ワールドカップ(W杯)スイス-セルビア戦で対戦相手への「挑発行為」と取られかねないパフォーマンスをし、規律違反に問われたスイス代表、シャカとシャキリを国際サッカー連盟(FIFA)が罰金処分にとどめたことに、スイス国内では「出場停止にならず良かった」(スイス公共放送)と安堵(あんど)の声が聞かれた。

 一方、セルビアメディアは25日「信じ難い決定」(ベチェルニエ・ノボスチ紙電子版)と苦々しいトーンで報じた。

 スイス側には、2人が「これまでチームの好調に多大な貢献」(スイス紙)をし、今後の試合に欠かせない存在だとの思いがある。移民人口が増加しているスイスでは、ルーツを持つ国・地域に対する愛国心の表現に寛容な見方が多いことも背景にある。

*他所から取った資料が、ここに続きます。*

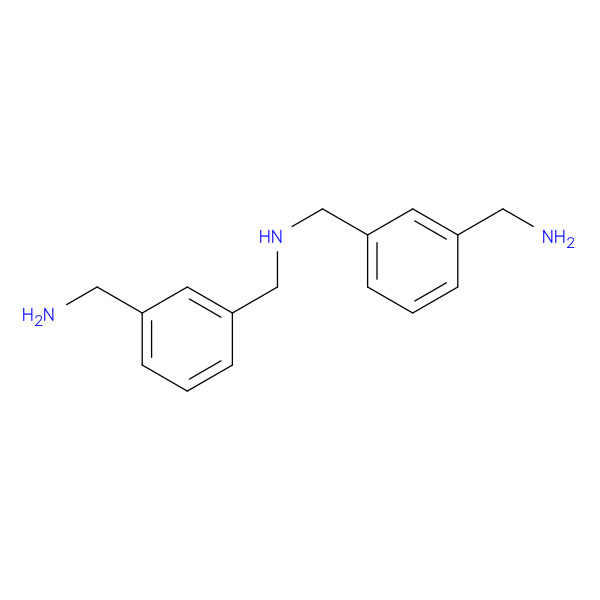 BIS-(3-AMINOMETHYLBENZYL)AMIN 化学構造式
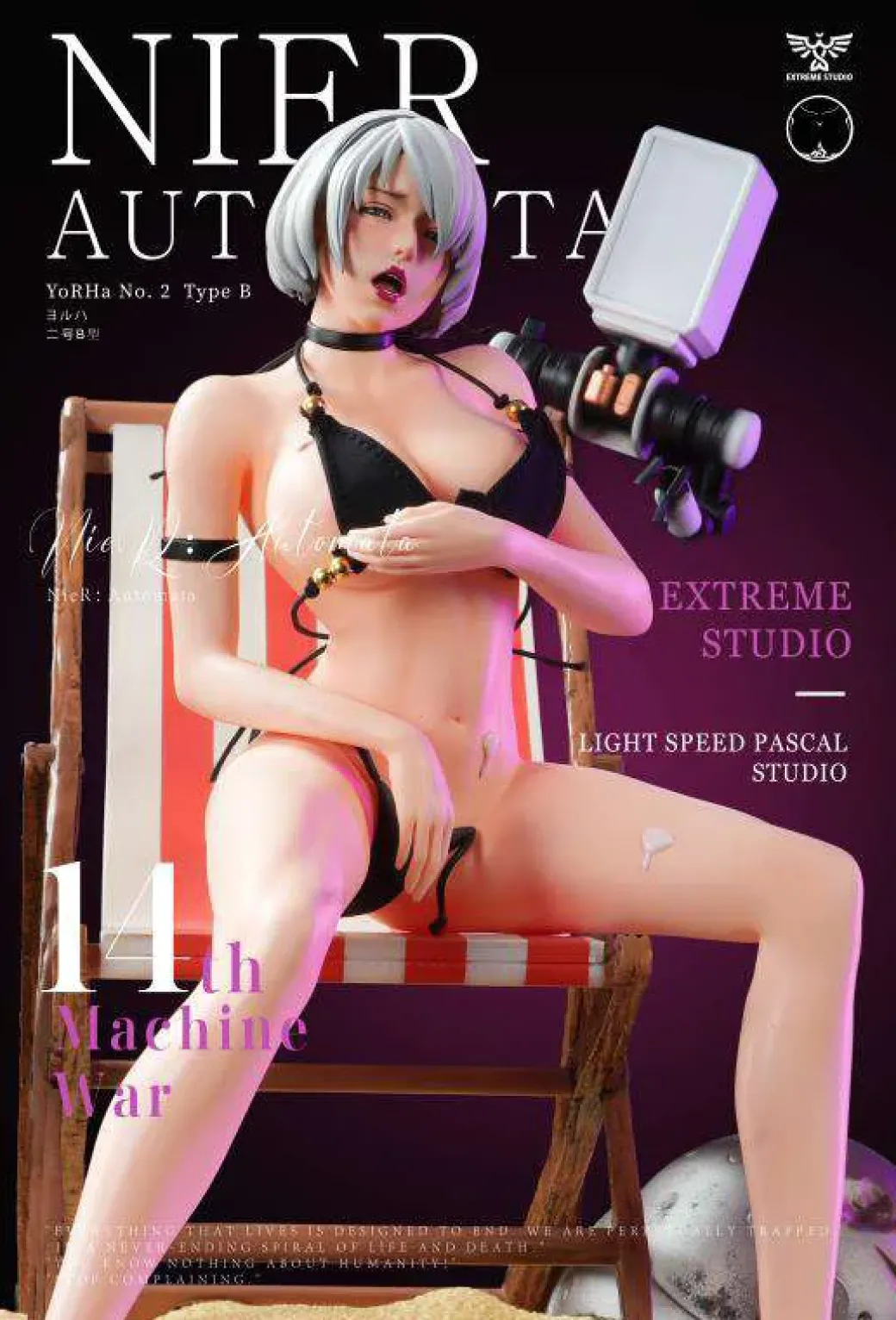 1/6 Scale Beach YoRHa No.2 Type B - Nier: Automata Statue - Pepeho Studio
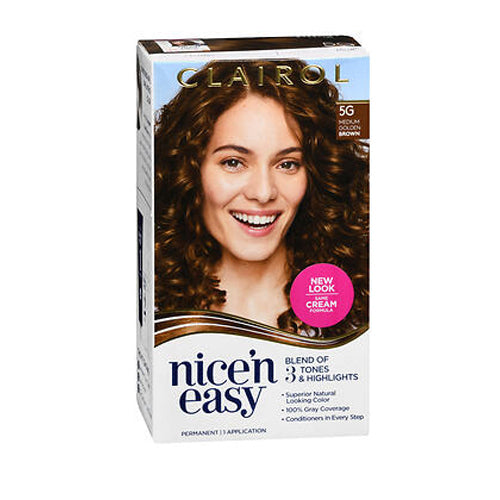 Nice 'n Easy, Nice 'n Easy Hair Color 5G Medium Golden Brown, 1 Each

 2人は旧ユーゴスラビア・コソボの多数派を占めるアルバニア系。2008年にコソボが一方的に宣言した独立を認めていないセルビアでは、アルバニア旗の双頭のワシを模した2人への不満は強い。独立を巡り1990年代末に悲惨な紛争を繰り広げた両国の対立が色濃く出た22日のスイス-セルビア戦では、セルビアのサポーターもブーイングなどを展開した。

 2人の出場停止を期待していたセルビア側だが、FIFAはサポーターの行為や試合後の発言などを理由に、セルビア・サッカー協会や代表チームの監督らにも罰金を科した。セルビア市民からは「西欧の正義は常にアンフェア」と恨み節が漏れた。